Re: [RFC PATCH 1/1] sched/deadline: Fix RT task potential starvation when expiry time passed
From: Kuyo Chang
Date: Fri Jun 20 2025 - 22:55:41 EST
On Fri, 2025-06-20 at 17:22 +0200, Juri Lelli wrote:
>
> External email : Please do not click links or open attachments until
> you have verified the sender or the content.
>
>
> On 20/06/25 11:00, Kuyo Chang wrote:
>
> ...
>
> >
>
> Thanks for the additional explanation.
>
> The way I understand it now is the following (of course please
> correct
> me if I am still not getting it :)
>
> - a dl_server is actively servicing NORMAL tasks, but suffers lot of
> IRQ
> load and cannot make much progress
> - it does anyway make progress, but it reaches
> update_curr_dl_se@throttle
> only when its current deadline is past rq_clock
> - dl_runtime_exceeded() branch is entered, but start_dl_timer() fails
> as
> the computed act is still in the past
> - enqueue_dl_entity(REPLENISH) call replenish_dl_entity() which tries
> to
> add runtime and advance the deadline, but time moved on so far that
> deadline is still behind rq_clock() and so "DL replenish ..." is
> printed
> - replenish_dl_new_period() updates runtime and deadline from current
> clock and the dl-server is put back to run (so it continues to run
> over/starve FIFO tasks)
>
Yes, "DL replenish ..." is the critical clue for identifying the root
cause of this issue.
> It looks like your proposed fix might work in this particular corner
> case, but I am not 100% comfortable with not trying to replenish
> properly (catch up with runtime) at all. I wonder if we might then
> start
> missing some other corner case.

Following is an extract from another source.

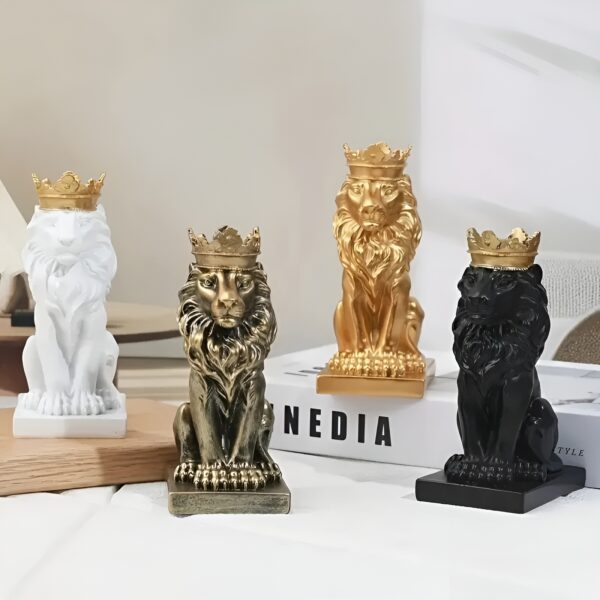Crowned Lion King Statue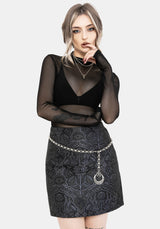 Nocturna Jacquard A Line Mini Skirt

Maybe we could try to catch this
> particular corner case before even attempting to start the dl_timer,
> since we know it will fail, and do something at that point?
>
You can consider the patch more as an error-proofing mechanism, and so
far, it has been working well on our platform.
However, it might be better to catch this particular corner case in
advance to prevent the issue.
> Thanks,
> Juri
>